More than the world of comic books, the novel stretches from Prague to Antarctica to the top of the Empire State Building. It includes Jewish mysticism, secrets of escape artists, vaudevillian characters such as the Mighty Molecule and historical figures like Salvador Dali and Gov. Al Smith.
Chabon excels at this kind of literary juggling of vivid, off-the-wall characters and outrageous events, but his true talents lie with depictions of youthful, manic energy.
The title characters are but teenagers when they come up with the Escapist, a comic book hero who frees people from the shackles of oppression. They both desire to make money, but for different ends. Sammy Clay (nee Klayman) is more of a schemer than an artist, his mind full of plots, a deep knowledge of comic books and wild dreams that comics are his ticket to freedom from Brooklyn. His cousin Josef Kavalier, a recent escapee from German-occupied Prague, buys into Sammy’s dreams, wanting money to buy his family’s passage to America.
The cousins experience so many wonderful adventures that Chabon’s sentences overflow with energy. In this example, Chabon captures a feel for New York City and the immigrant’s sense of hope:
“The whole morning, the rattling ride through the flickering darkness under the East River, the updraft of Klaxons and rising office blocks that had carried them out of the subway station, the ten thousand men and woman who immediately surrounded them, the ringing telephones and gum-snapping chitchat of the clerks and secretaries in Sheldon Anapol’s office, the sly and harried build of Anapol himself, the talk of sales figures and competition and cashing in big, all this had conformed so closely to Joe’s movie-derived notions of life in America that if an airplane were now to land on Twenty-fifth Street and disgorge a dozen bathing-suit-clad Fairies of Democracy come to award him the presidency of General Motors, a contract with Warner Bros., and a penthouse on Fifth Avenue with a swimming pool in the living room, he would have greeted this, too, with the same dreamlike unsurprise.”
Chabon’s writing is lyrical and evocative, such as “gum-snapping chitchat,” but his words sometimes betray his slight of hand and draw attention away from the story.

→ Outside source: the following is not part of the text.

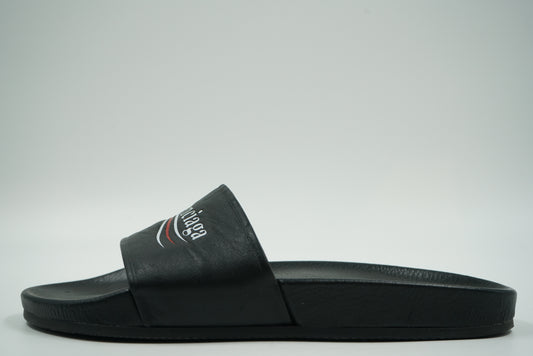 Pre-owned Balenciaga pool slide in black with white and red Political Campaign logo, side view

For example, in one scene Josef doesn’t roll a cigarette, he “prestidigitated a perfect cylinder.”
Nonetheless, bringing together Kavalier and Clay allows Chabon to examine greater themes such as the immigrant experience, the promise of the American dream, and the modernist diffusion of high and low culture. Josef, for example, was educated at The Academy of Fine Art in Prague, whereas Sammy sold things such as shoelaces, seeds and candy bars door-to-door since the age of 6. Together they create comic books that are often, especially by Anapol, referred to as trash, though the Escapist and their other titles are recognized as standing out from the rest.
Set against the backdrop of World War II, the cousins’ adventures take on greater importance – showing the vital creativity of Jews in America at a time when Hitler was intent upon killing all Jews.

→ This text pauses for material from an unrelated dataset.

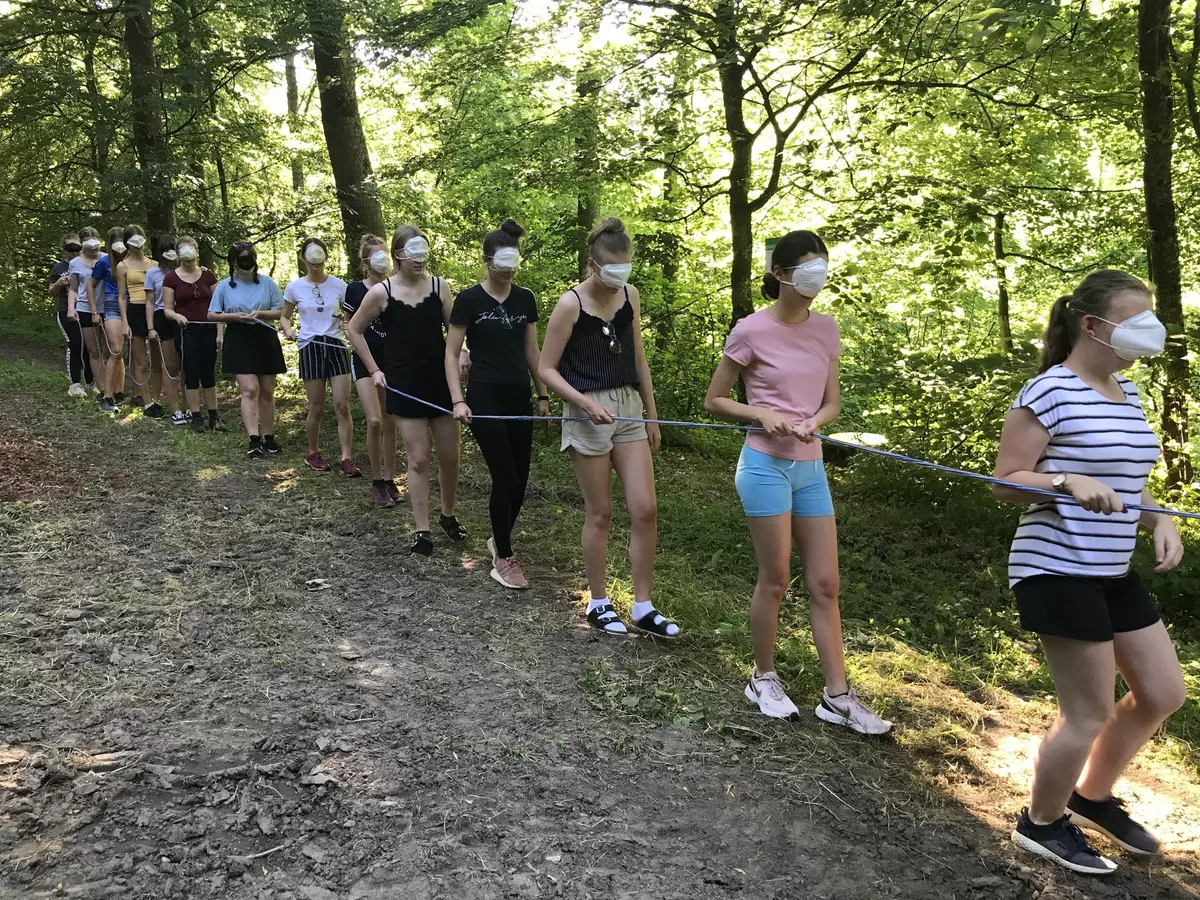 Schülergruppe wandert blind, an einem Seil in der Reihe durch den Wald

This importance points to one of the weaknesses of the novel, the uneven treatment of Josef and Sammy in the latter parts of the book. Though the title suggests the novel will be about both Josef and Sammy, it may be the nature of story telling to allow only one main character.

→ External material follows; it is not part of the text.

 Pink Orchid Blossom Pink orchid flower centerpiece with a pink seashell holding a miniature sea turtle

As suggested by the name Kavalier, Josef’s story is more of a hero’s tale, filled with urgency and romantic drama. After all, he wants money to save his family from Hitler. His story is even mystical in his connection to the ancient Golem of Prague. And unlike Sammy, he confronts the futility of his creativity, recognizing that defeating Hitler in the plots and pictures of comic books does nothing to stop the Nazis. He signs up to fight in the war.
Sammy’s story lacks that kind of narrative sweep, but he still has moments of heartbreaking drama, especially in Chabon’s sensitive portrayal of him as a young man filled with wonder and fear at his own homosexuality. However, Sammy’s issue with his sexuality doesn’t seem to be resolved even though it seems to be one of the most important aspects of his life. He never comes to terms with his sexuality as an adult. Rather, it seems Chabon is using his sexuality as a pre-text to include information about a 1954 Senate committee on the role of comic books in juvenile delinquency. Though this information is interesting in terms of art and government censorship, it lacks the same dramatic energy as Kavalier’s story.
Nonetheless, Chabon shows himself moving in a wonderful direction with his fiction, with broader landscapes, long time periods and an adherence to historical realities.
Through the rise and fall of the Golden Age of comic books, Chabon shows us the joys and limits of creativity, the difference between art and real life, and the enduring human dilemma between duty and the desire to escape.